Inhibition of host hydrolytic enzymes is another mechanism by which effectors interfere with the functions of host defense proteins. For example, the extracellular fungal effectors Avr2 and Avr4 from Cladosporium fulvum can inhibit the tomato extracellular protease, Rcr3 [66], and host chitinases [67] respectively. In oomycetes, the glucanase inhibitor protein (GIP1) secreted by P. sojae inhibits endoglucanse ability of the plant host [68] and apoplastic effectors EPI1 and EPI10 from P. infestans inhibit the P69B subtilase of tomato [69,70]. These host hydrolase inhibitors can be described with "GO:0052053 negative regulation by symbiont of host enzyme activity".

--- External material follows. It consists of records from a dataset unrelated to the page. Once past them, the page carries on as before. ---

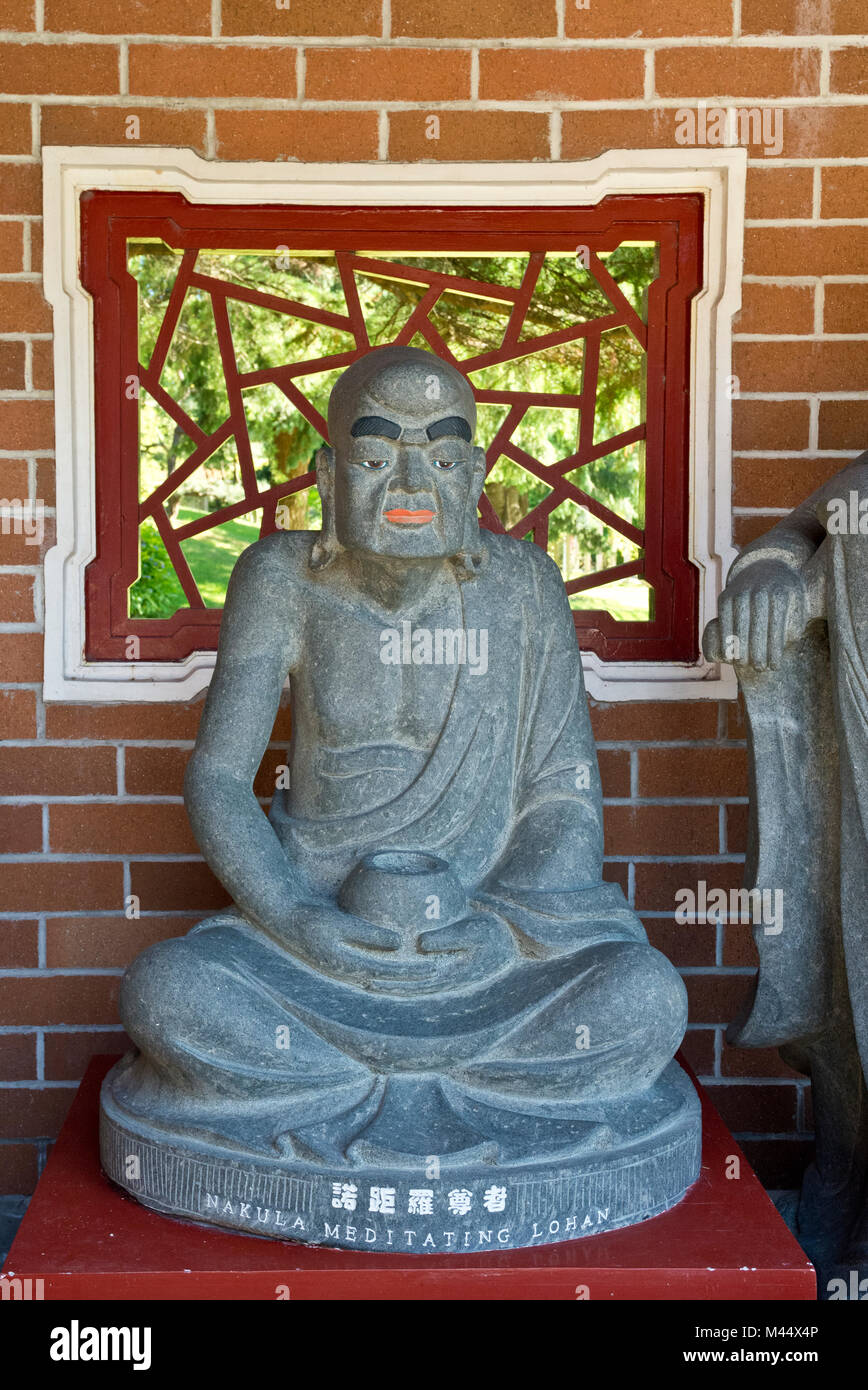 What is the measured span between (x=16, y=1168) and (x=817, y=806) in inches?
79.1

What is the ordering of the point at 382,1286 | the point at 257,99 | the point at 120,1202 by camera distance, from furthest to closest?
the point at 257,99, the point at 120,1202, the point at 382,1286

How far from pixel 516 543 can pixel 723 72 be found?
1.24 meters

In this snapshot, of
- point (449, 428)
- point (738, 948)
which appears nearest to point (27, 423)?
point (449, 428)

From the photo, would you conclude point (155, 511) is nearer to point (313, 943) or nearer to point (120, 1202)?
point (313, 943)

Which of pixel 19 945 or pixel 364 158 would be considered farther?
pixel 19 945

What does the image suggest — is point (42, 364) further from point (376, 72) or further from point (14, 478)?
point (376, 72)

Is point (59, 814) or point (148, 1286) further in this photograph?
point (59, 814)

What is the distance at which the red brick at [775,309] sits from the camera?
11.6ft

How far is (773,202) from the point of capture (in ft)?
11.5

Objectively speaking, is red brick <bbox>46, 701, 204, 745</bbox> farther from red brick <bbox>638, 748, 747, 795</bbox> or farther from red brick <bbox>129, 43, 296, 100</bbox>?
red brick <bbox>129, 43, 296, 100</bbox>

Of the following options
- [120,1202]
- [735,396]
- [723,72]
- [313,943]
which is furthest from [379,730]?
[723,72]

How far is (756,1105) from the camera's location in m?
3.69

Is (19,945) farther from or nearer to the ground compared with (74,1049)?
farther from the ground

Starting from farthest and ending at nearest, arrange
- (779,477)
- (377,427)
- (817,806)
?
(779,477), (817,806), (377,427) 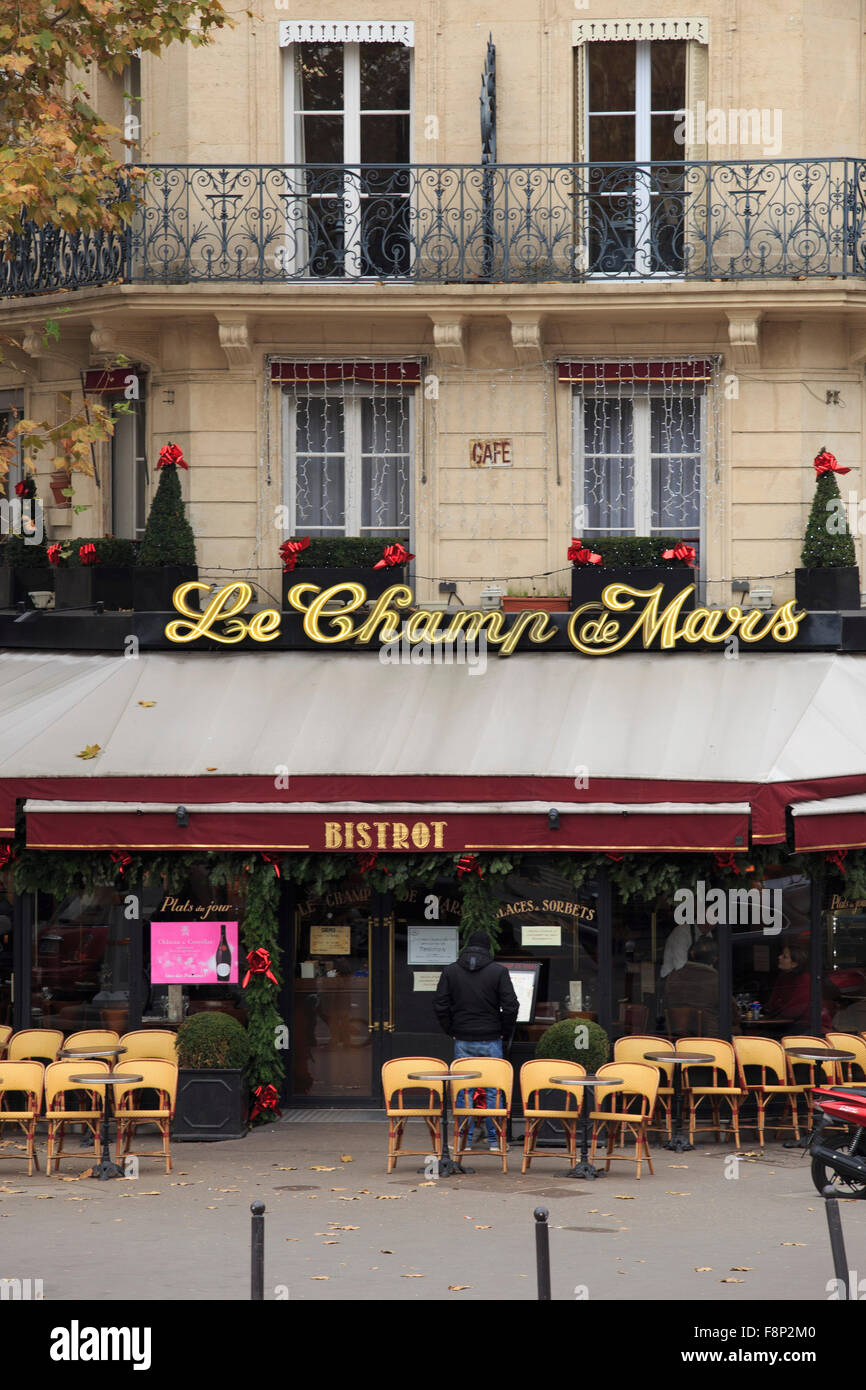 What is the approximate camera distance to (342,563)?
59.3ft

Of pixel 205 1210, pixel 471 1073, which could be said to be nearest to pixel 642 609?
pixel 471 1073

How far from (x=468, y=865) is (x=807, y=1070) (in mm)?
3471

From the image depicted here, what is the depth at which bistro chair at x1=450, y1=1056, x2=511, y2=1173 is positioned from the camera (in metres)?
A: 14.9

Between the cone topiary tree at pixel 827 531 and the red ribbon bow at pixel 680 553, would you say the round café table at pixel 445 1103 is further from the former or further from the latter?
the cone topiary tree at pixel 827 531

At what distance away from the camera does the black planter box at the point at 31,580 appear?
19.2 m

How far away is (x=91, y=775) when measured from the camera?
16281mm

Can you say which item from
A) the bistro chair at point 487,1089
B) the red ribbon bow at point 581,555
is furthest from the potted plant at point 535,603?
the bistro chair at point 487,1089

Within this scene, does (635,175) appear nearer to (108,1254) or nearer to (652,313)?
(652,313)

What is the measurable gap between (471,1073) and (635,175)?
8.49 meters

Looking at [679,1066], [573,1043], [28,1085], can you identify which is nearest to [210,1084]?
[28,1085]

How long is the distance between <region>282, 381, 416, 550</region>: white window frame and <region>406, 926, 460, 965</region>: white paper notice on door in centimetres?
372

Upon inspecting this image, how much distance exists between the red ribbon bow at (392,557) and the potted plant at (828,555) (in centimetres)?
366

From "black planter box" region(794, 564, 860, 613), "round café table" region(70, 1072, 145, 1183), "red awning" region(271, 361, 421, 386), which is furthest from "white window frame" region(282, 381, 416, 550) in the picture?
"round café table" region(70, 1072, 145, 1183)

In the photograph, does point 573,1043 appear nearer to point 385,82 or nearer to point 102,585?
point 102,585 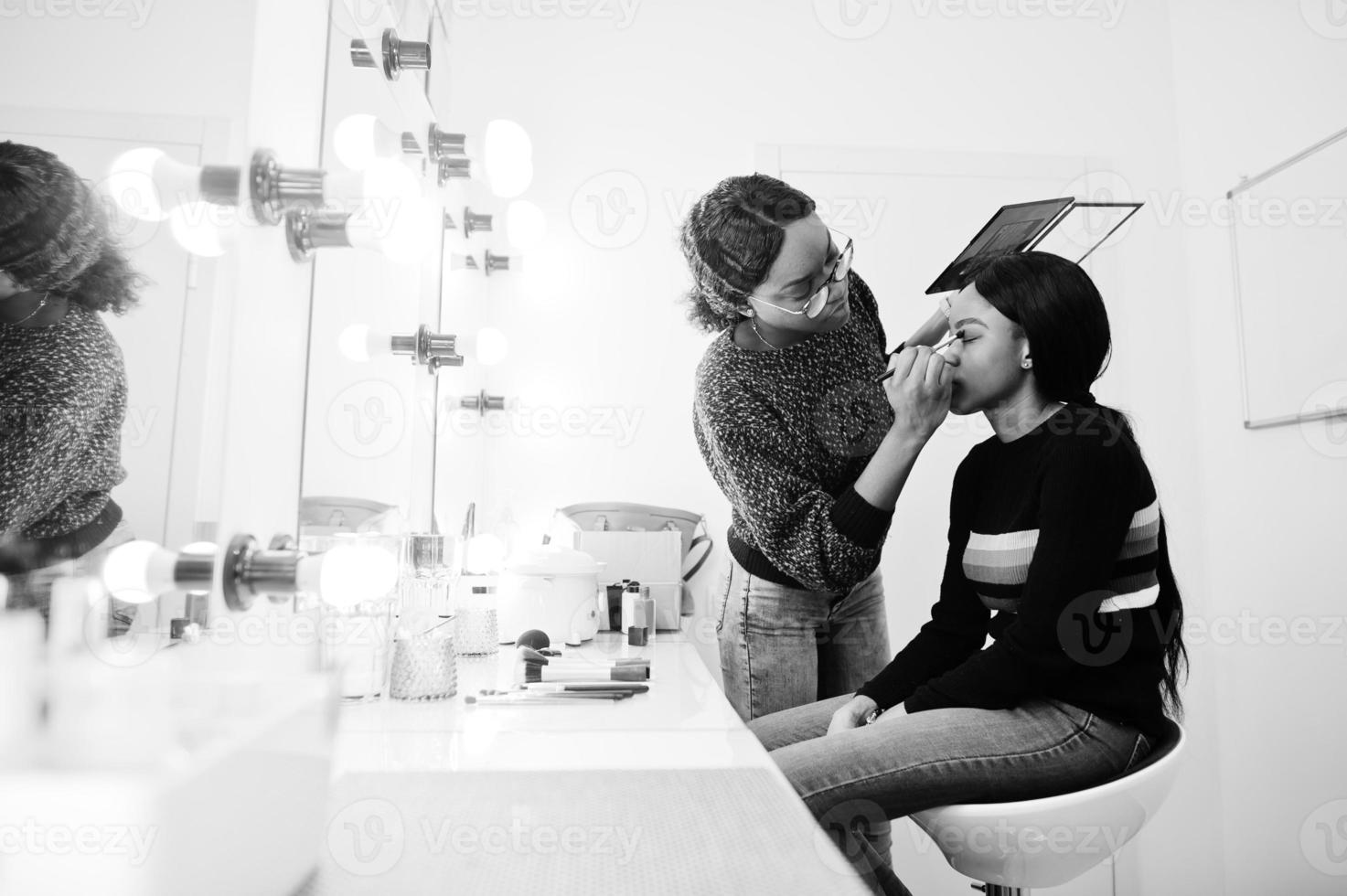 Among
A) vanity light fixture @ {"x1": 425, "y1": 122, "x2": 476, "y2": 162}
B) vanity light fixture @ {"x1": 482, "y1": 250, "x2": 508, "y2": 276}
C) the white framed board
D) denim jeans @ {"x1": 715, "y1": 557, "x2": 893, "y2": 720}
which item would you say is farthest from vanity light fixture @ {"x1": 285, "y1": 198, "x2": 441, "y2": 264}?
the white framed board

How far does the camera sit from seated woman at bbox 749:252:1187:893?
3.22ft

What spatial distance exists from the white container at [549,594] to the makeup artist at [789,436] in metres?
0.27

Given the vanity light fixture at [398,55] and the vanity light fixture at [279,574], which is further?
the vanity light fixture at [398,55]

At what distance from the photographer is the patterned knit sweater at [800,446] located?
1.29 metres

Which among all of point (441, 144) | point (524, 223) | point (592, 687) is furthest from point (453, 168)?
point (592, 687)

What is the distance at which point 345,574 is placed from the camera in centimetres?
66

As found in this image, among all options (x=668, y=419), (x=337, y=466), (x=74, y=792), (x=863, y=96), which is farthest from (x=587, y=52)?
(x=74, y=792)

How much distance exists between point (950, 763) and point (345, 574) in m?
0.72

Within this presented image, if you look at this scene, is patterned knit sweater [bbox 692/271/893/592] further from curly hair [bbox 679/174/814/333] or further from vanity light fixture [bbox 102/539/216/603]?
vanity light fixture [bbox 102/539/216/603]

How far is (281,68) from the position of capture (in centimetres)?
71

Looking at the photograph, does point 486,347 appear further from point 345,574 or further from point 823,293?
point 345,574

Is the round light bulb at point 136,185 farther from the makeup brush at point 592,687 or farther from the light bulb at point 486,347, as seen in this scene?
the light bulb at point 486,347

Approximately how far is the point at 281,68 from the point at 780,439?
0.89 meters

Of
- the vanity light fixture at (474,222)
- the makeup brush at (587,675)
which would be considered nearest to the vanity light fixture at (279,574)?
the makeup brush at (587,675) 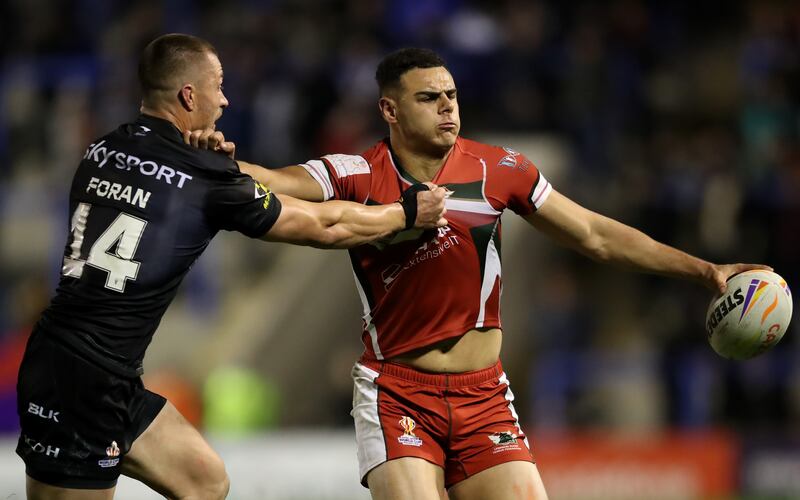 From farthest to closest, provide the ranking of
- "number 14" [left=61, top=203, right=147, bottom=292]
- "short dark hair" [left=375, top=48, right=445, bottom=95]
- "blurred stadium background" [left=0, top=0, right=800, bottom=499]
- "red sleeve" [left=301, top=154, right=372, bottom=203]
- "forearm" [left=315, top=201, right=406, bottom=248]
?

Hallmarks of PTI include not only deployment of defense proteins but also deposition of callose in the host cell wall. Several bacterial and oomycete effectors have been shown to suppress callose deposition in planta, including AvrE [71], AvrPto [72], HopM1 [71] from Pseudomonas syringae, DspA/E [73] from Erwinia amylovora and ATR1 from the oomycete Hyaloperonospora arabidopsidis [74]. The appropriate GO term to describe this virulence function is "GO:0052087 negative regulation by symbiont of defense-related host callose deposition".

The various defense responses involved in a successful immune response are dependent on an array of signaling pathways that link pathogen detection to host response. These defense signals include the hormone ethylene, jasmonic acid, and salicylic acid with each representing a target for interference by symbiont effectors. For example, bacterial effectors AvrB and AvRpt2 [75] have been shown to trigger the expression of the ethylene-responsive transcription factor (RAP2.6) in Arabidopsis via jasmonic acid signaling thereby repressing salicylic acid (SA) mediated PAMP-triggered defense responses against biotrophic pathogens. The phytotoxin, coronatine from P. syringae mimics jasmonic acid also leading to repression of SA signaling [76]. In other cases, hormone signaling is disrupted for the purpose of modifying host morphology. The Meloidogyne javanica chorismate mutase 1 (MjCM-1) [77], is secreted into plant cells where it reduces the synthesis of auxins, flavanoids, SA and phytoalexins. A general term for describing effectors that modulate hormone signaling is "GO:0052027 modulation by symbiont of host signal transduction pathway", while a more specific term to describe interference with the host salicylic pathway is "GO:0052003 negative regulation by symbiont of defense-related host salicylic acid-mediated signal transduction pathway ".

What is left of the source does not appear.